# SUPPLIED DATA
--------------------

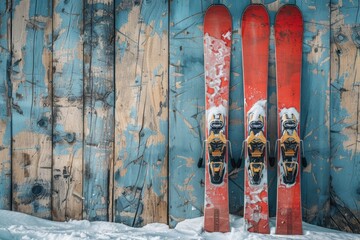 Red skis stick out in the snow near the fence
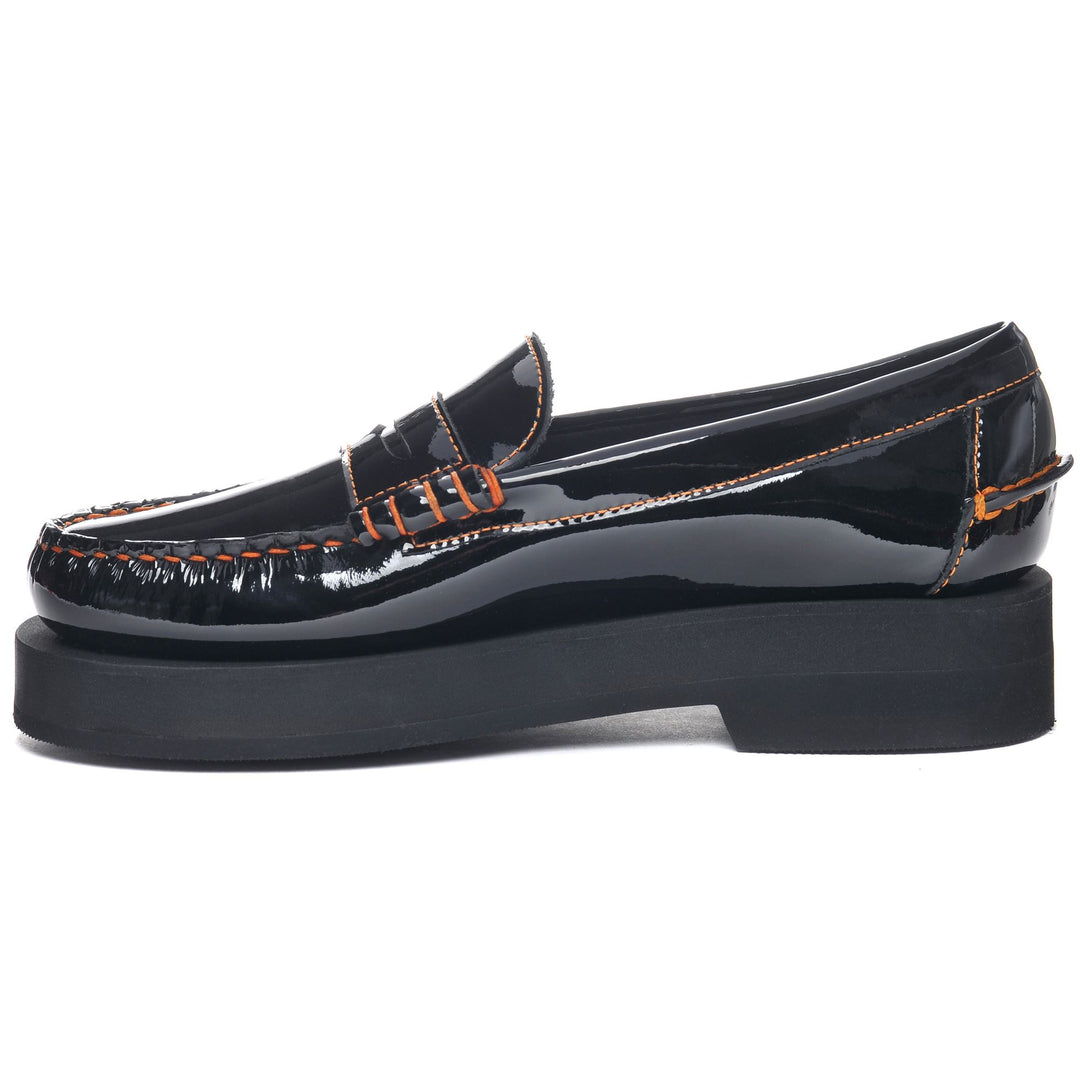 Moc Woman KARA WOMAN Moccasin BLACK - ORANGE Dressed Side (jpg Rgb)		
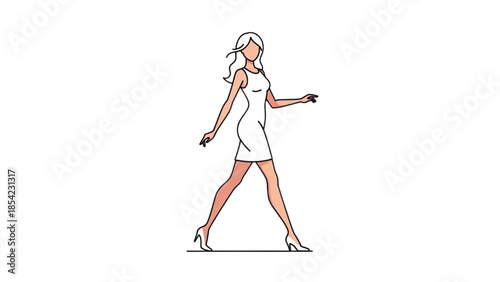A woman walking alone in a white dress on a plain white background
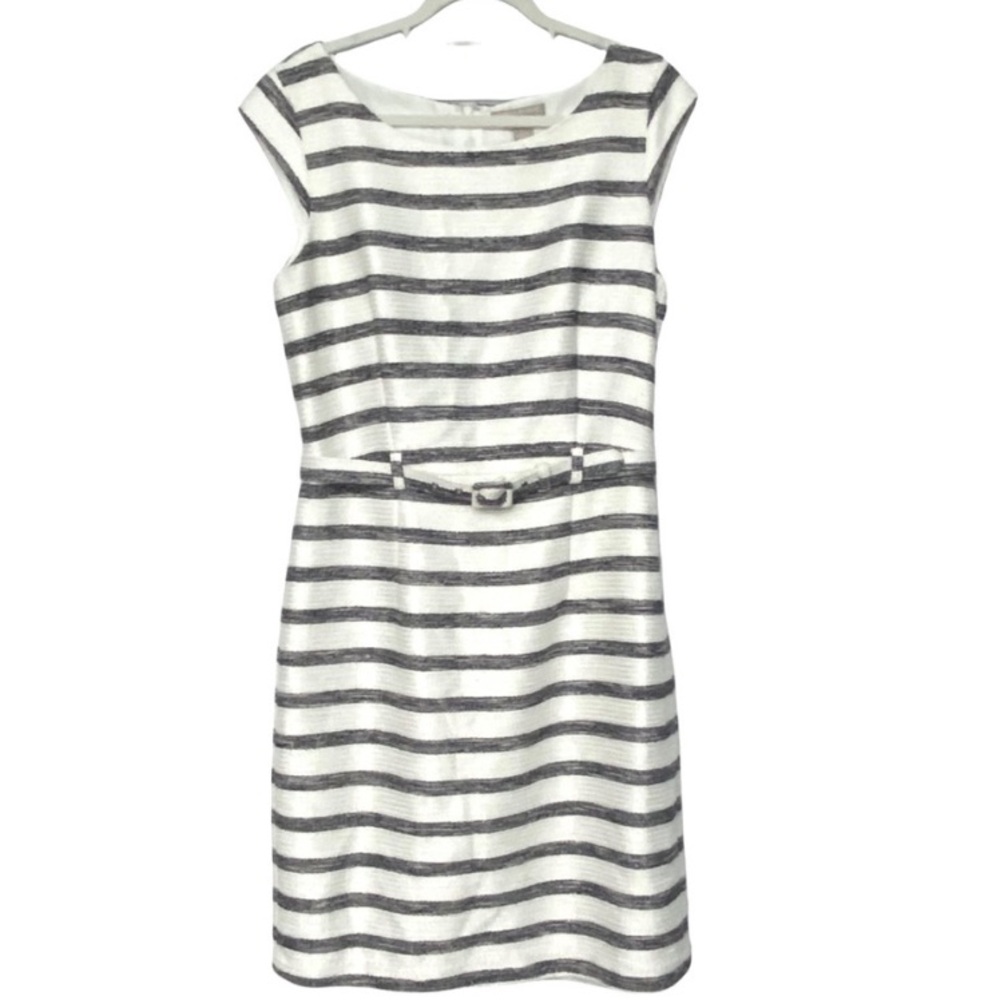 Banana Republic Women's White and Gray Striped Fit & Flare Midi Dress Size 4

--------------------

# DESCRIPTION OF THE TASK
An exact repeat of all the data is required, pictures excluded.

# ANSWER TO THE PROBLEM
 Red skis stick out in the snow near the fence
 Moc Woman KARA WOMAN Moccasin BLACK - ORANGE Dressed Side (jpg Rgb)		
A woman walking alone in a white dress on a plain white background
 Banana Republic Women's White and Gray Striped Fit & Flare Midi Dress Size 4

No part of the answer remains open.